L’ANPI vient de faire l’objet d’un avis de manifestation d’intérêt pour l’élaboration de son plan d’affaires. La nouvelle structure, dont le cadre juridique a fait l’objet d’un décret présidentiel en date du 25 septembre 2014, s’inscrit dans une réforme plus vaste de l’investissement et du commerce extérieur, engagé avec la fondation du Haut conseil de l’investissement (HCI), ayant fait l’objet d’un décret du 25 février 2014. Placé sous l’autorité du président de la République, il doit maintenir un dialogue permanent entre sphères publique et privée, définir les priorités et mesurer l’impact des réformes.
En revanche, la révision de la Charte de l’Investissement semble aujourd’hui renvoyée aux calendes grecques. Libreville, on évoque les difficultés d’adaptation du code gabonais aux réglementations supranationales dans le cadre de la Communauté économique et monétaire d’Afrique centrale (Cemac) et de l’Organisation pour l’harmonisation en Afrique du droit des affaires (Ohada).
D’où un recours délibéré aux codes sectoriels : hydrocarbures, mines, agriculture, forêt, etc. Classé 144e pays sur 189 dans le classement Doing Business 2015 de la Banque mondiale, le Gabon est loin d’être un havre de paix pour les investisseurs étrangers. En particulier, les délais sont longs (50 jours à comparer à 9,2 dans l’OCDE) et les coûts élevés (12,9 % du revenu par habitant contre 3,4 % dans l’OCDE).
En matière d’investissement direct étranger (IDE), « nous avons eu une période faste au moment de la Coupe africaine des nations (Can) de football, que nous avons organisée en 2012. Mais, dans le contexte de crise économique mondial, nous notons, de façon globale, un ralentissement des IDE », reconnaissait Lin-François Madjoupa. D’où la nécessité de réagir. Et pas seulement de manière institutionnelle.
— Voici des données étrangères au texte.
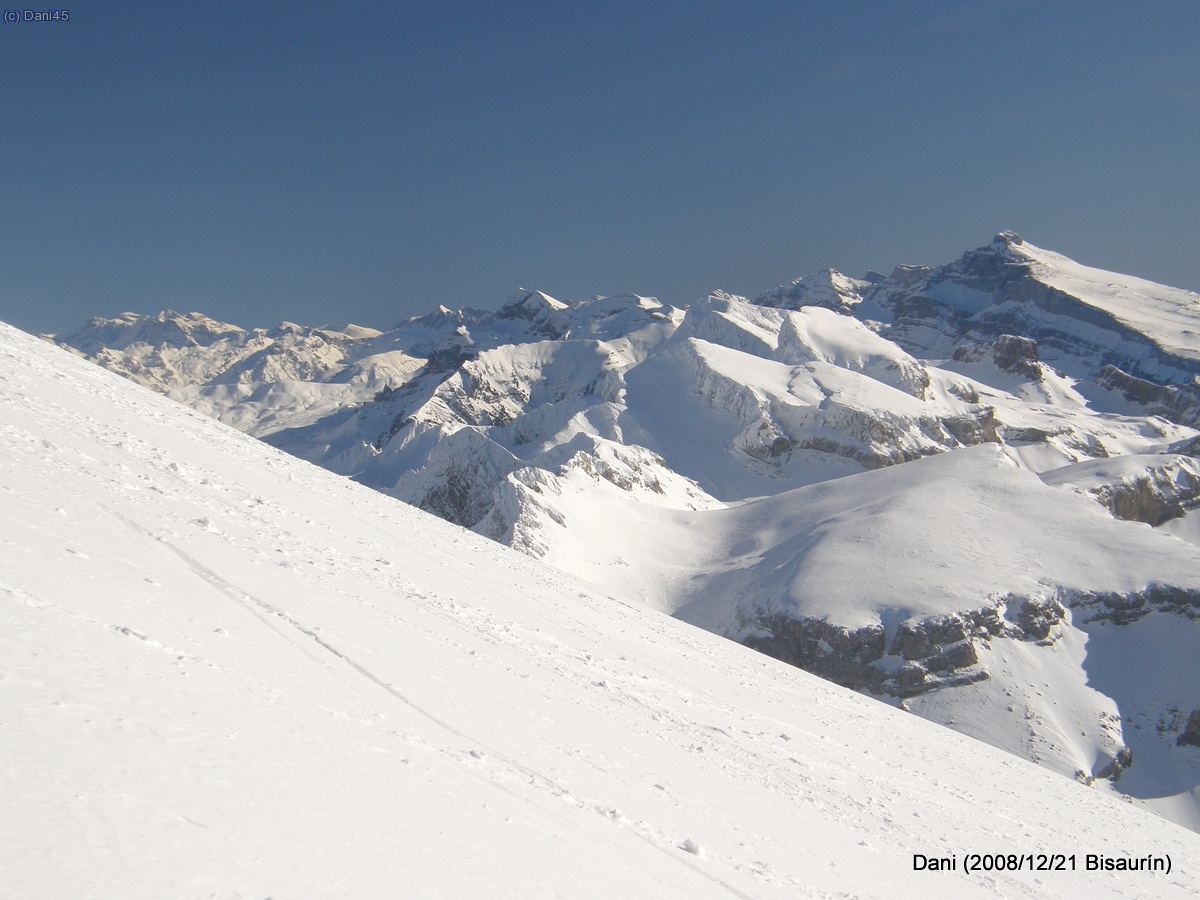 Al fons el mass&iacute;s del Mont Perdut, Tende&ntilde;era (2.853 m), Pala de Ip (2.779 m), Pe&ntilde;a Nevera (2.721 m), Collarada (2.883 m), sota Mallo Lecherines (2.299 m), esquerra Aspe (2.640 m), davant a 
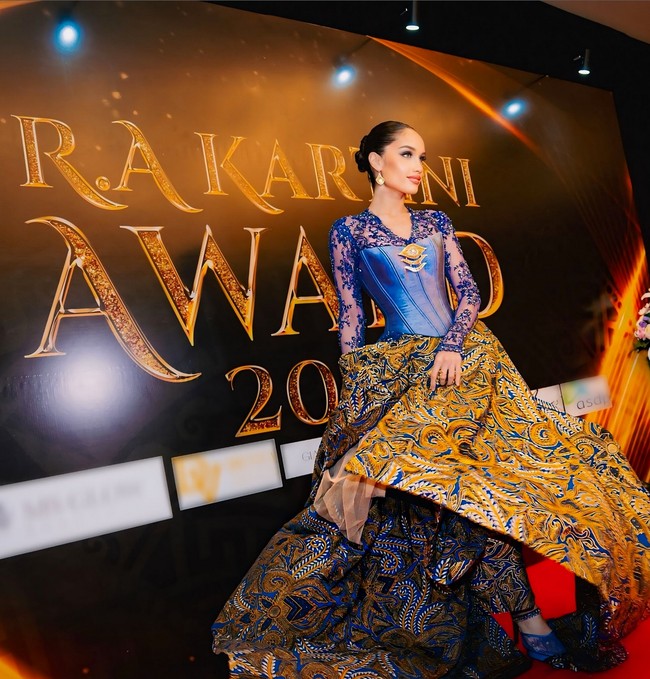 Tampil total untuk menerima penghargaan prestisius ini, aktris sekaligus filantropis ini mengenakan gaun kebaya dari Studio BOH.  Foto: Instagram/@claurakiehl @studioboh @armanfebryan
Ainsi, le Gabon s’est doté de deux zones économiques spéciales (ZES), l’une à N’kok, à 27 km de Libreville, et l’autre près de Port Gentil, sur la presqu’île de Mandji, dans le but de diversifier une économie très liée aux hydrocarbures. Certains opérateurs économiques estiment qu’elles « ne décollent pas », malgré les avantages fiscaux dont peuvent bénéficier les sociétés qui s’y implantent (exonération de taxes sur les bénéfices industriels et commerciaux pendant dix ans, puis imposition d’une taxe à taux fixe de 10 %). Des propos que le directeur général adjoint de l’Apiex a tenu à nuancer.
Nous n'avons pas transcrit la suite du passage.